I had intended to talk more practically about department testing and qualifying exam requirements in the context of when “cheating” is not allowed and when collaboration is expected or encouraged, but 50 minutes goes by quickly. I would also like to have more input from my colleagues on this point, because my understanding of the expectations may not be as representative as I think. I did ask the students to listen to Computer or Human? to spur a discussion about when is your work considered your own, which would have been interesting …

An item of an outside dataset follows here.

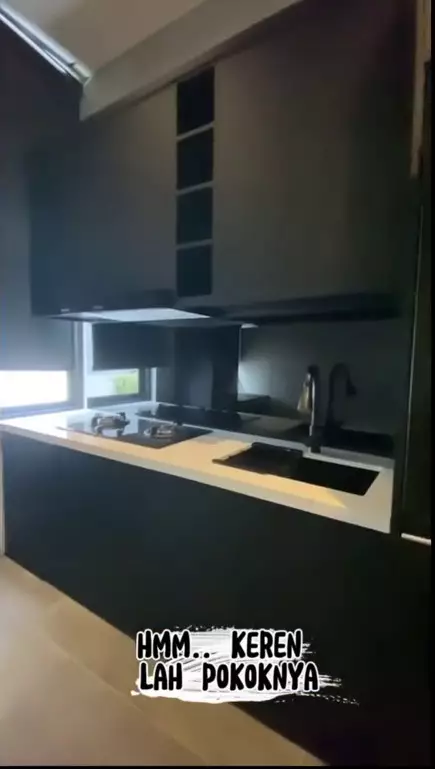 Jadi lebih mewah usai renovasi, ini 5 cara Desta menata dapur minimalis serba hitam tetap estetik
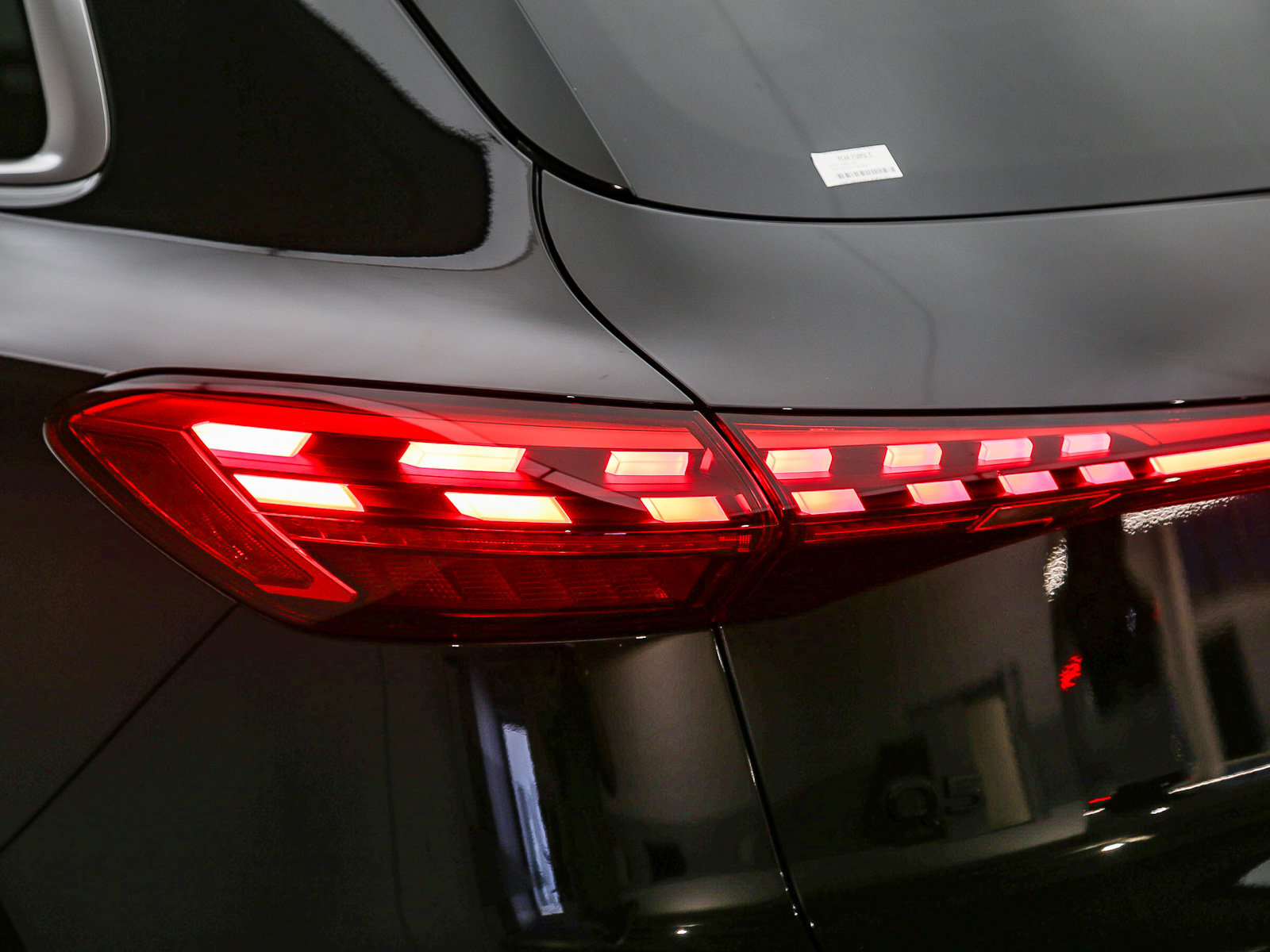Certified 2025 Audi Q5 Premium AWD/4WD image 12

The first short assignment was also due, in which I asked students for a contemporary example of discrimination resulting from research, development or technology in ECE or CS, with a paragraph each summarizing the discrimination that occurred (or is occurring) and their reaction to this discrimination. There were a number of examples of gender and age discrimination in the tech sector, with heartfelt consideration of the negative impacts. There were a few articles with an international perspective on gender discrimination, with an example of some very explicit gender discrimination, including about a law in Iran that provides more seats to men to major in engineering than woman. There were a few examples of technological development resulting in discrimination, for example in the ‘gig economy’ which can result in worse labor rights for low-income workers. Overall, it provided an interesting sampling of discrimination and student perspectives thereon. I’ll be asking for a similar submission at the end of quarter, but will reword the ask to push the students a little further.